Die Bilder und Berichte über verschüttete Menschen, zerstörte Städte und Straßen und vernichtete Ernten, die der Hurrikan Mitch in Mittelamerika hinterließ, haben die Weltöffentlichkeit erschüttert. Politische und strukturelle Gründe führten dazu, daß aus dem Wirbelsturm und den sintflutartigen Regenfällen eine Katastrophe von unvorstellbarem Ausmaß wurde:
* Die verantwortungslosen Regierungen Mittelamerikas haben die Sturmwarnungen ignoriert, beziehungsweise das Ausmaß der sich anbahnenden Katastrophe heruntergespielt. Nirgendwo wurden rechtzeitig Evakuierungsmaßnahmen eingeleitet.
* Elendsviertel, die von der armen Bevölkerung in Ermangelung sicherer Wohnstandorte errichtet worden sind, wurden weggefegt, beziehungsweise weggschwemmt.
* Die extrem ungleiche Bodenverteilung in Mittelamerika hat die Kleinstbauern und -bäuerinnen seit Generationen in Hanglagen vertrieben, die ungeeignet sind für den Anbau von Grundnahrungsmitteln. Jahr für Jahr sind sie Opfer der Erosion. Hurrikane und Erdrutsche vernichten ihre Existenz auf einen Schlag.

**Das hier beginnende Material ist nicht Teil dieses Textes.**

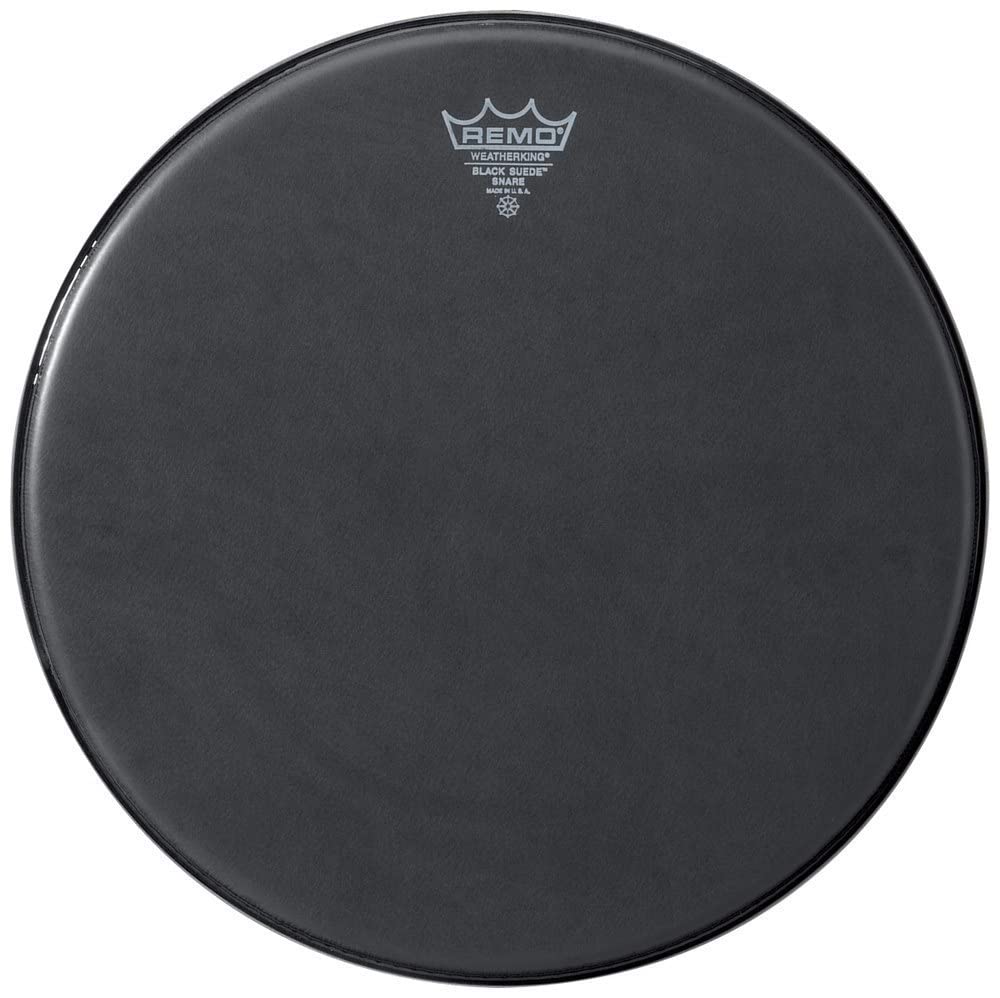 Remo Ambassador Black Suede Snare Side Drumhead, 14''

Schnell werden Mitch und seine Folgen anderen Katastrophennachrichten weichen. Die verheerenden Konsequenzen zwingen aber dazu, den Wiederaufbau, der in Honduras einem Neuaufbau gleichkommt, so zu gestalten, daß beim nächsten Wirbelsturm, Erdbeben oder Vulkanausbruch nicht das gleiche oder Schlimmeres passiert.
Der Wiederaufbau muß folgendes gewährleisten:
* Grundlage muß ein umfassender Schuldenerlaß für die betroffenen Länder Honduras, Nicaragua, El Salvador, Guatemala und den mexikanischen Staat Chiapas sein. Entschuldungsmaßnahmen sind daran zu messen, ob damit den Opfern des Hurrikans und der Flutkatastrophe die Schuldenlast genommen wird.

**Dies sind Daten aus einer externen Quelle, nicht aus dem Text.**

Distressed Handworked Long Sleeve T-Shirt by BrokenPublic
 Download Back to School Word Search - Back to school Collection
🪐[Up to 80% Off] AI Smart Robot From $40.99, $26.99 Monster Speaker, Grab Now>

* Zivil- und Katastrophenschutz, sowie die Wetterdienste müssen so ausgebaut werden, daß gefährdete Bevölkerungsgruppen rechtzeitig gewarnt und evakuiert werden können. Die Frühwarnsysteme müssen schnell und wirkungsvoll funktionieren. Ihre Arbeit darf nicht politisch manipulierbar sein.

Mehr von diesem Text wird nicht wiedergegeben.